La troisième séquence se penche sur le sort de Macha, la deuxième sœur. Interprétée par le contreténor irano-canadien Cameron Shahbazi, Macha est la plus mystérieuse et la plus mélancolique des trois sœurs. Dès qu’on la voit surgir dans sa superbe robe verte, on sait que cela va mal se terminer. Mariée à 18 ans à Kouliguine (Andrei Valentiy), un instituteur farceur qu’elle dépasse d’une tête, Macha, qui est pianiste, tombe éperdument amoureuse du lieutenant-colonel Verchinine (Ivan Ludlow). Macha exprime d’une voix étranglée sa douleur et son désespoir égoïste, car sa sœur Olga, qui selon Eötvös « n’a pas de vie à elle », donc pas de séquence à elle, est elle aussi, amoureuse du même lieutenant-colonel.
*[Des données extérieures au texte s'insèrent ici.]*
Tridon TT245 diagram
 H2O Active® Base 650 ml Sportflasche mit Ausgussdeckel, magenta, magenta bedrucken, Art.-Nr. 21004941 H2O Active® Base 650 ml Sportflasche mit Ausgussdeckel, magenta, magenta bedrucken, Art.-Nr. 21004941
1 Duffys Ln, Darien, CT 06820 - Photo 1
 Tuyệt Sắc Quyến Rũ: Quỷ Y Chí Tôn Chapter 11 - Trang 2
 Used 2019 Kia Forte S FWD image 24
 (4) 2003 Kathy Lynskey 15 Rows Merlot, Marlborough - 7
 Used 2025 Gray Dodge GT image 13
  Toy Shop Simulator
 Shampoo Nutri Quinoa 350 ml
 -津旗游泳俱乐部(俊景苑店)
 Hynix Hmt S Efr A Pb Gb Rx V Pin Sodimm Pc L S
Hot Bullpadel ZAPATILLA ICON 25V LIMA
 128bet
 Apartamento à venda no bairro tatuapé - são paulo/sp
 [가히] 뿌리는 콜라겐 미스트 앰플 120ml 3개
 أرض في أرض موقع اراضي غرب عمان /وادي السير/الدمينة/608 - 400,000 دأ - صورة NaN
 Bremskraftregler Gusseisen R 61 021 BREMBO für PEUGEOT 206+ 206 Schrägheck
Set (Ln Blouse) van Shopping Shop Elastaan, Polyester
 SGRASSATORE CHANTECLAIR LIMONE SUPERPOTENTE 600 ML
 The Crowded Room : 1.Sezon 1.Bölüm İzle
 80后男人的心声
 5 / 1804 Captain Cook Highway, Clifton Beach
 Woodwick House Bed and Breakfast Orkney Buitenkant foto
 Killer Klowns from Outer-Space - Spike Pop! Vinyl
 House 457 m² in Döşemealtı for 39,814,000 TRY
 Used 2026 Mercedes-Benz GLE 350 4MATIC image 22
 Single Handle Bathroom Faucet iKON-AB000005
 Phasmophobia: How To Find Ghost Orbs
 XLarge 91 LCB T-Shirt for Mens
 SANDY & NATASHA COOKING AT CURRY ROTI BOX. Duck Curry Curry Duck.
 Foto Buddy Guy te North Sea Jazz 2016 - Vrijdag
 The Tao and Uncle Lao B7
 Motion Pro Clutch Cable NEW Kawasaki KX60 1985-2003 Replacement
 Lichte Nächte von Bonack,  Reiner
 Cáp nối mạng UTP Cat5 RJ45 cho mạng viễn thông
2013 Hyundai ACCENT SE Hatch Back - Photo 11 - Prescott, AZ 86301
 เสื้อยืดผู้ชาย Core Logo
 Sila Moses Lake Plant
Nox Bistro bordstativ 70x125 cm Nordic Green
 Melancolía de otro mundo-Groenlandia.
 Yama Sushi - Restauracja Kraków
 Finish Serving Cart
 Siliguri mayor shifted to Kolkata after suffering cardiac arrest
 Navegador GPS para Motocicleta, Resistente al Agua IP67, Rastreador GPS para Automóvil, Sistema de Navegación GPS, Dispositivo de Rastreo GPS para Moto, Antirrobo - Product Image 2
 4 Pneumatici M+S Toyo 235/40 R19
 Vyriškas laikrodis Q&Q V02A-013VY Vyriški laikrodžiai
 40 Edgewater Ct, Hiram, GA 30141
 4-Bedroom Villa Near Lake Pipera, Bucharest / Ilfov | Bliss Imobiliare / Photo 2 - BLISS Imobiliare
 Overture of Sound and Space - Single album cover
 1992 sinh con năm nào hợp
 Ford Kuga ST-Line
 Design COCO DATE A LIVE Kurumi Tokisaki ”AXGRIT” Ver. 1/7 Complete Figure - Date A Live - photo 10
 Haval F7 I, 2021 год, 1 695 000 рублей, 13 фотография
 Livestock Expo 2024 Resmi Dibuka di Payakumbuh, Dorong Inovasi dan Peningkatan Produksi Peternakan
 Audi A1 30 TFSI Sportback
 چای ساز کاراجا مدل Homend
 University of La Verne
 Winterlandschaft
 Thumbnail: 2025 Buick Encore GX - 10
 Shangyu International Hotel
Sans espoir, évidemment.
Le visage ciselé et la silhouette longiligne de Shahbazi attirent tous les regards et donnent à son personnage une gravité tragique tout orientale, mais c’est le monologue d’Olga, délivré par la voix ample, puissante et pétrie de regret du contreténor américain Aryeh Nussbaum Cohen (voir l’entretien ici), qui nous brise définitivement le cœur. Dans la fosse et sur les balcons, le Klangforum Wien Orchestra, dirigé par Maxime Pascal et Alphonse Cemin, accompagne avec précision et attention au détail cette fabuleuse descente avant-gardiste aux enfers.